EXERCISE AIM:
Exact reproduction required: the lines below from the line with "Zircon Cross Pendant" to the line with "etui do iphone", both ends included, and no others.

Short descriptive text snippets
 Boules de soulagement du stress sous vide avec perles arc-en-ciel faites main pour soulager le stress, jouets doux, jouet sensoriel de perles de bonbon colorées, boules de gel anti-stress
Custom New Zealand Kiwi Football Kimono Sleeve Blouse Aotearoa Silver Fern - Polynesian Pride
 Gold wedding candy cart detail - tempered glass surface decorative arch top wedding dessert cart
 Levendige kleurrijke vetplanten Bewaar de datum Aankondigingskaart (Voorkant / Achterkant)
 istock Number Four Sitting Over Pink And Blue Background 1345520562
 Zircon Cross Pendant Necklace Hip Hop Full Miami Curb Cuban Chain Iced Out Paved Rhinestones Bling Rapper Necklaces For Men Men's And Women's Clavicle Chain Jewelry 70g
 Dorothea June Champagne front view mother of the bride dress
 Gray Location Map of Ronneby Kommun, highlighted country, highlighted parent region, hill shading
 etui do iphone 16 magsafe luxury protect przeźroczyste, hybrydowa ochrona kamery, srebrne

...

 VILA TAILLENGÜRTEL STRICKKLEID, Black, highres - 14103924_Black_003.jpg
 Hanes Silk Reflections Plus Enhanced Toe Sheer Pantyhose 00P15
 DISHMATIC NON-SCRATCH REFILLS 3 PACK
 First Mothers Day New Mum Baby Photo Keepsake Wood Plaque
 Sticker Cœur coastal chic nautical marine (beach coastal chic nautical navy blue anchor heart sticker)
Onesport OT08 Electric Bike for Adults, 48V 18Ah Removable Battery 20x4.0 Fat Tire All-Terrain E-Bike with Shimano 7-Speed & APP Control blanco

ANSWER TO THE EXERCISE:
 Zircon Cross Pendant Necklace Hip Hop Full Miami Curb Cuban Chain Iced Out Paved Rhinestones Bling Rapper Necklaces For Men Men's And Women's Clavicle Chain Jewelry 70g
 Dorothea June Champagne front view mother of the bride dress
 Gray Location Map of Ronneby Kommun, highlighted country, highlighted parent region, hill shading
 etui do iphone 16 magsafe luxury protect przeźroczyste, hybrydowa ochrona kamery, srebrne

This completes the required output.